The patient was seen immediately in the eye clinic where the diagnosis was confirmed and the ethambutol stopped, but by then he had sustained a permanent loss of 90% of his vision.

Patients who are kept informed about their condition and are involved in deciding on the appropriate treatment are more likely to comply with the treatment you suggest, and less likely to complain if things go wrong.

It is particularly important that you tell patients about the possible side-effects of drugs or treatment you are ordering, and that they know what complications to look out for and what to do if they develop.
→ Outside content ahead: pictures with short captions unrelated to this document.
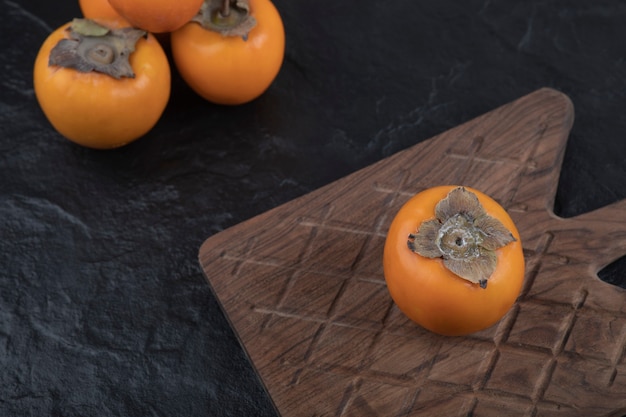 Free photo single tasty fuyu persimmon on wooden cutting board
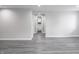 Hallway leading to a bathroom featuring gray walls, gray flooring, and white doors at 1141 Temperance Ave, Indianapolis, IN 46203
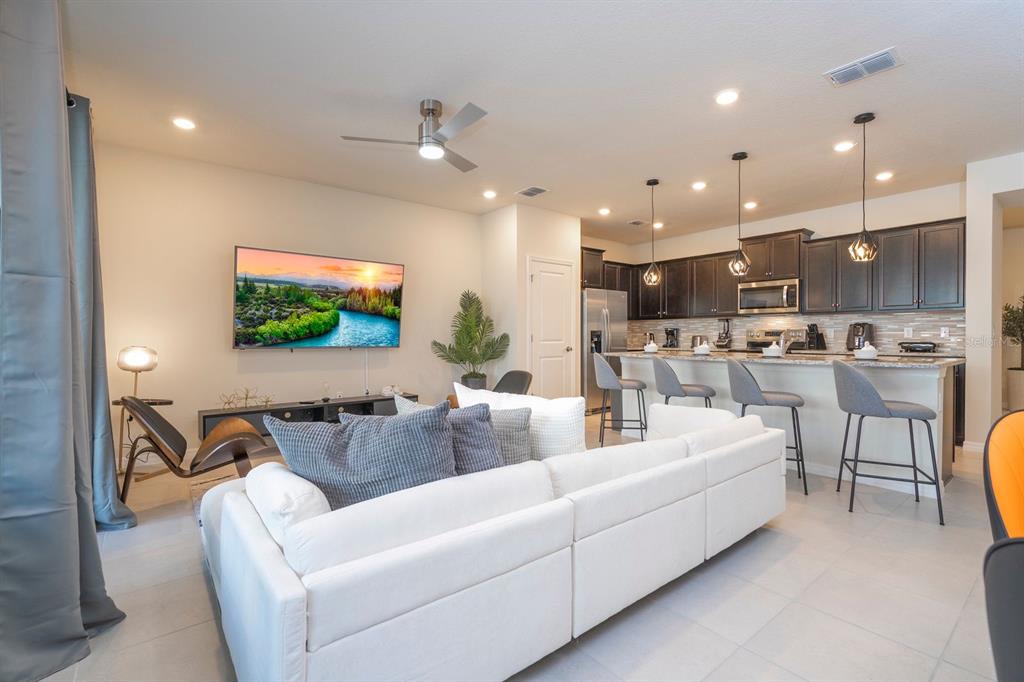 A white sectional sofa faces a wall-mounted television in an open-concept living room and kitchen — 4178 LANA AVENUE, DAVENPORT, FL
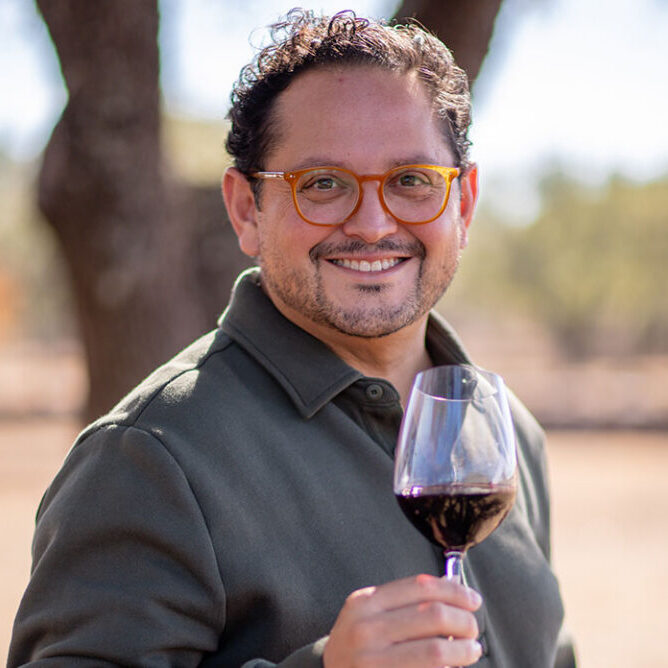 Man with glasses smiling and holding a glass of red wine outdoors, with trees in the background.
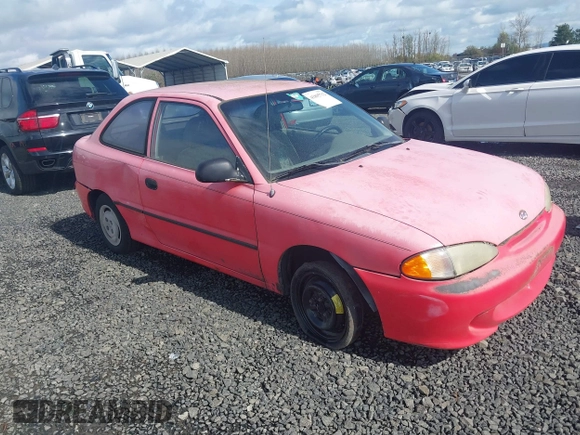1995 Hyundai Accent z VIN KMHVD14N9SU047038, wystawiony jako IAAI lot #41895712 z przebiegiem 186 094 mil mil oraz . Historia ofert i sprzedaży dostępna na DreamBid. Obrazek 1.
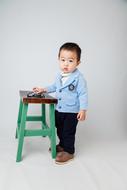 photo of Small Dudes Boy and chair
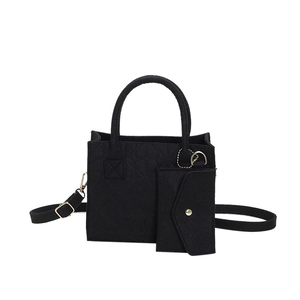Minimalist black felt tote bag set with heart stitching and adjustable shoulder strap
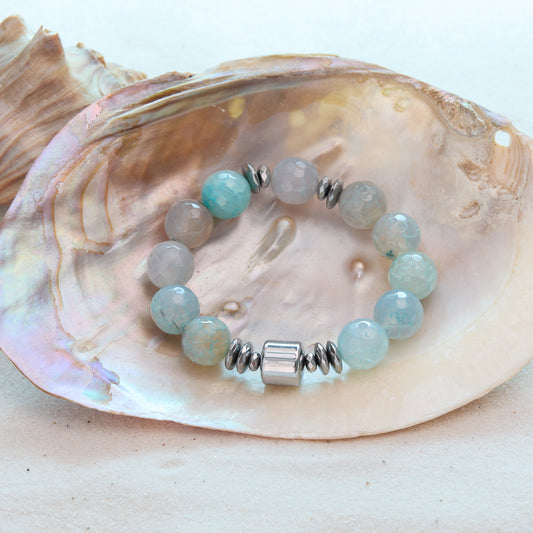Bracelet with light blue beads and silver accents on a seashell background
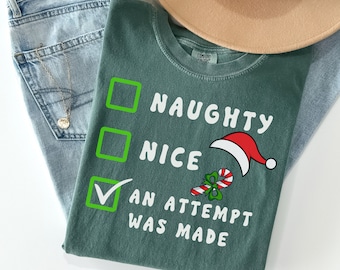 May include: A green t-shirt with the text "NAUGHTY NICE AN ATTEMPT WAS MADE" in white. The shirt features a Santa hat and candy cane graphic. Light blue jeans and a tan hat are also in the image.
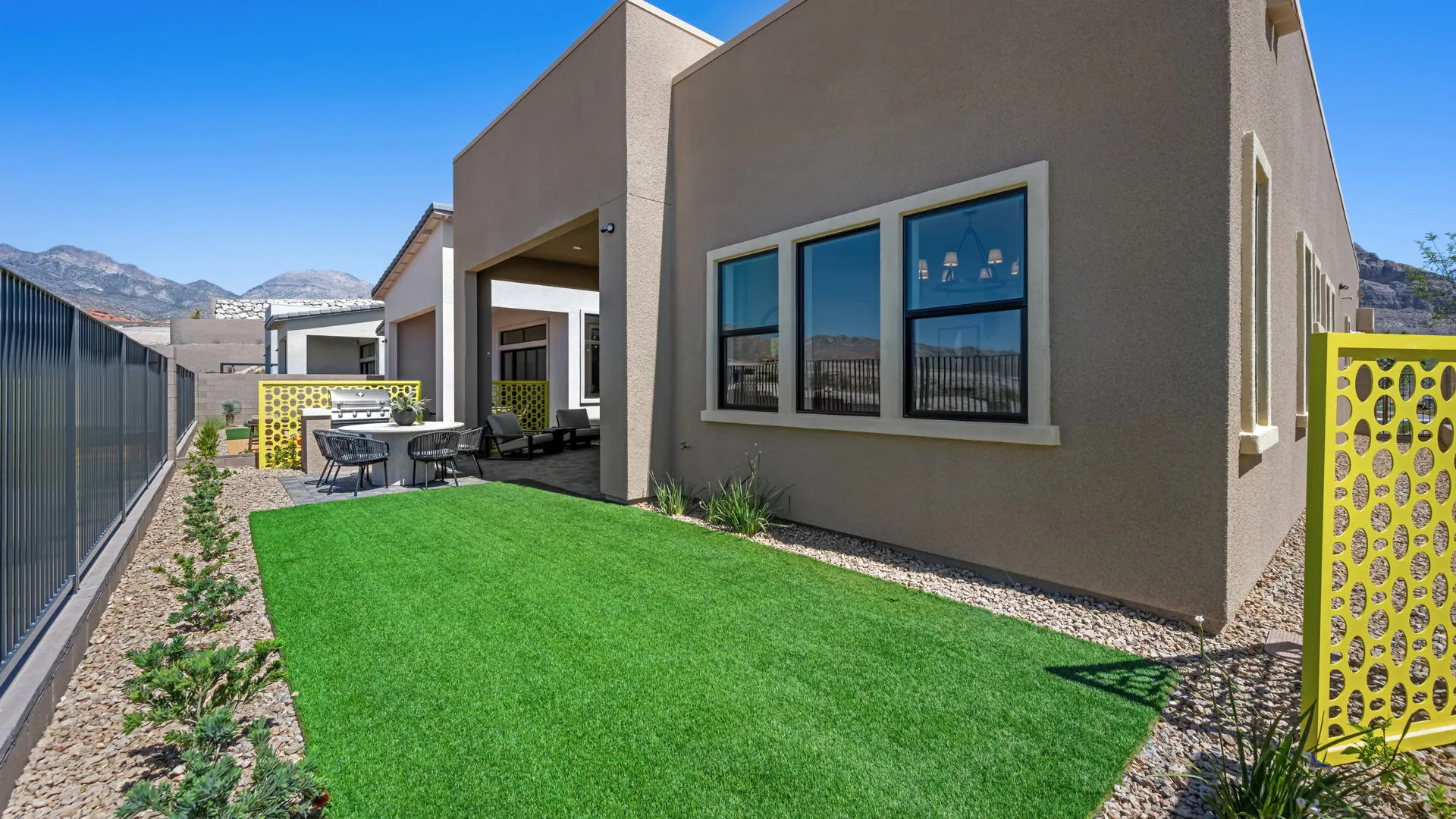 Backyard of Paloma Model at Esplanade at Red Rock by Taylor Morrison (1) Modern backyard with artificial grass, gravel, and shrubs beside a beige house. There is an outdoor dining area under a covered patio, decorative yellow panels, and mountains visible in the background under a clear blue sky.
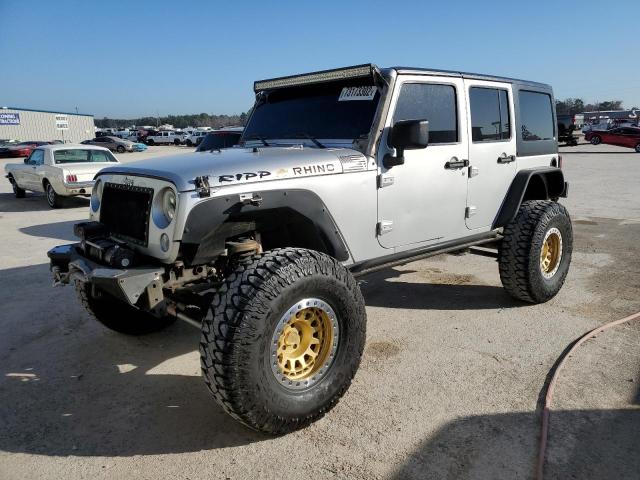 Salvage cars for sale at Houston, TX auction: 2011 Jeep Wrangler Unlimited Sport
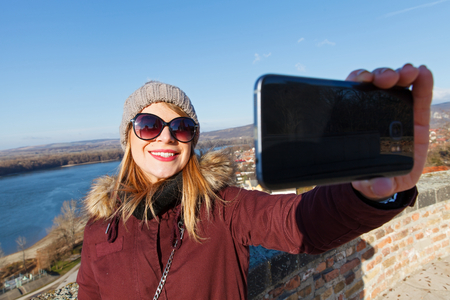Picture of a smiling young tourist taking a selfie in Esztergom, Hungaryの写真素材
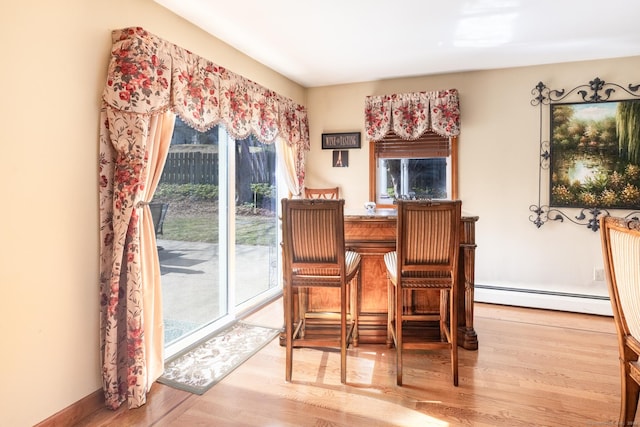 269 Silver Hill Rd, Derby, CT 06418 - dining space with a baseboard radiator and wood finished floors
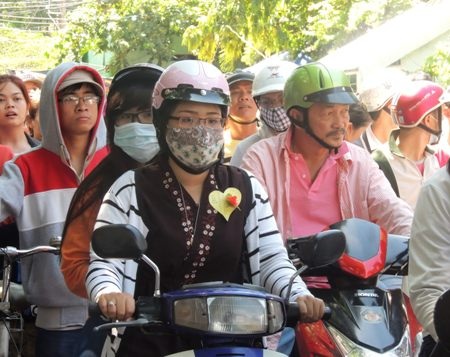 Những người dự lễ từ chùa đi ra cũng đành tắt máy xe đứng chờ đường lưu thông. 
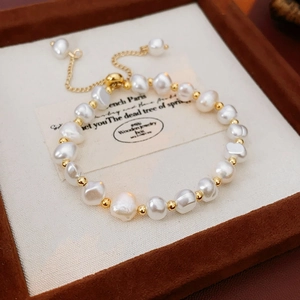 Detail of adjustable pearl bracelet with golden beads on a jewelry display tray
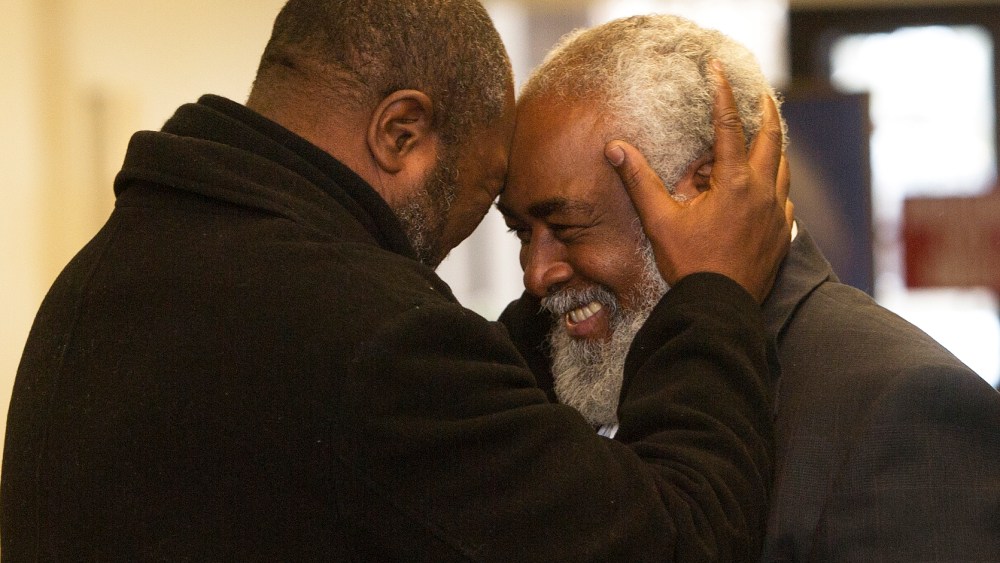 Wiley Bridgeman 60, right, of Cleveland, is greeted by his brother Ronnie, who is now known as Kwame Ajamu, after his release from a life sentence an hour earlier, by Cuyahoga County Common Pleas Judge David Matia, Nov. 21, 2014, in Cleveland.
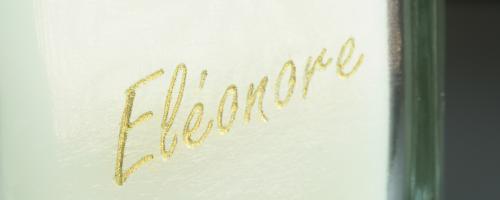 Close up of a glass engraving filled with gold gilding wax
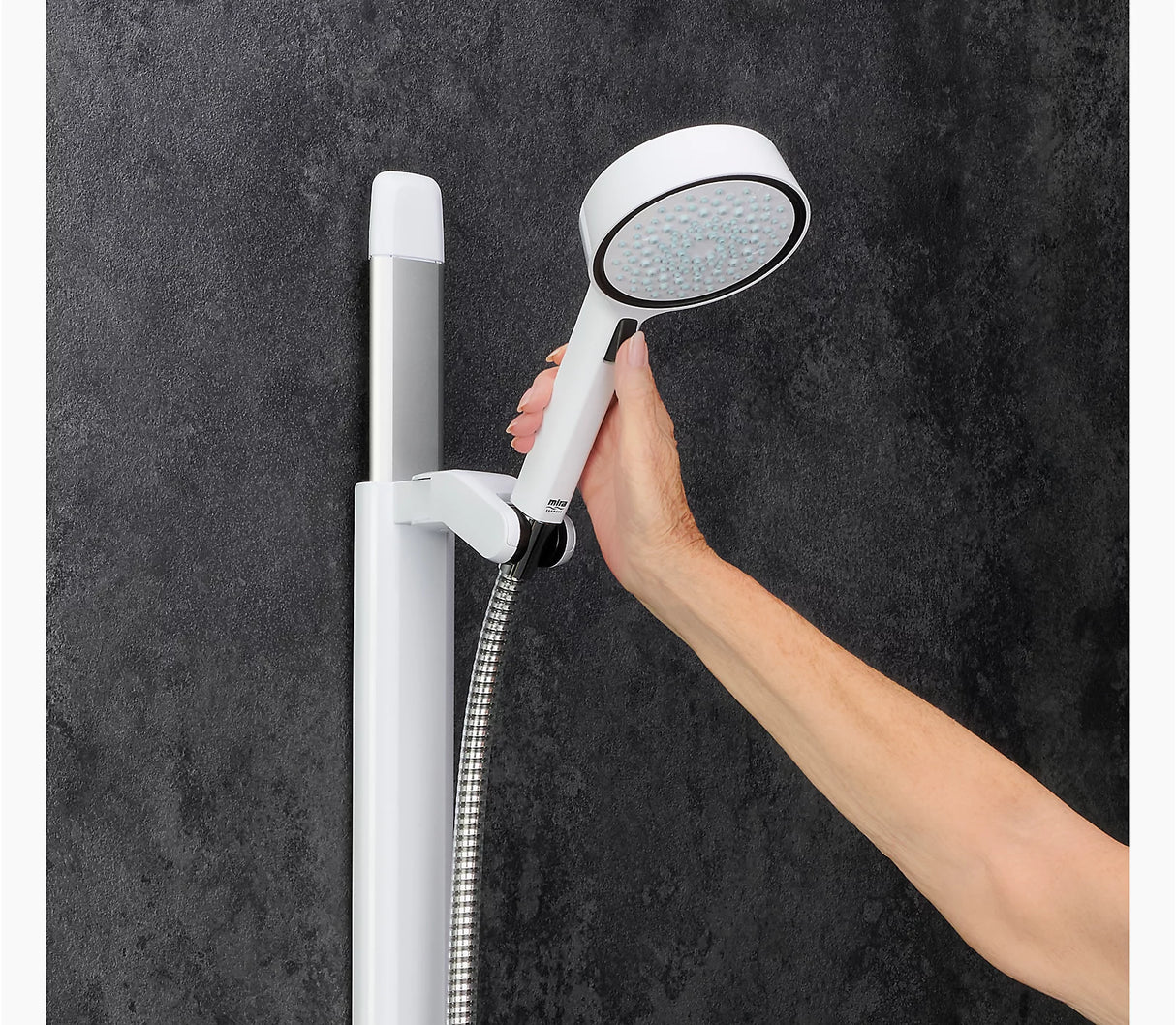Hand holding a white handheld shower head against a dark gray wall.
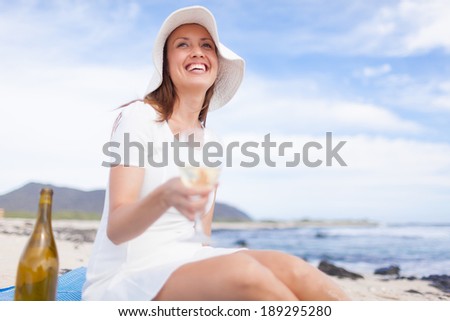 Beautiful smiling woman having glass of wine on the beach in Hawaii, USA.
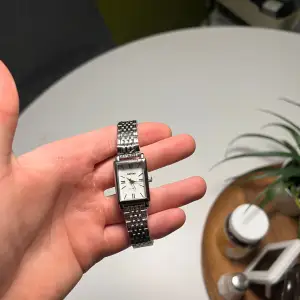 Säljer en stilren och elegant klocka från Axcent i silverfärg. Den har en rektangulär urtavla med svarta visare och markeringar. Armbandet är i metall med en klassisk länkdesign. Perfekt för både vardag och fest!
Warn patients about the risks before carrying out any procedures or prescribing medication.

If patients are receiving treatment, tell them when to return for review and what symptoms or signs of adverse effects or changes in their condition to report. If possible, give them an indication of when they might expect to see an improvement in their condition, and when to call you if it doesn't transpire within a certain timescale.

Document any advice you have given the patient. It is useful to document in the record any supporting literature or written information given to the patient.

Being open

Despite your best efforts, things may go wrong. The first step is to take some of the emotion out of the situation: try not to react defensively by avoiding the issue or making counter-threats. Remember, however good a doctor you are, in your career you will receive complaints and you will probably be involved in at least one claim.

An apology goes a long way in diffusing a situation, and is not necessarily an admission of liability. Where there are differences of opinion between you and a patient, or a patient’s relatives, there is much to be gained by acknowledging the mistake and empathising with their situation rather than trying to cover up the mistake or become defensive.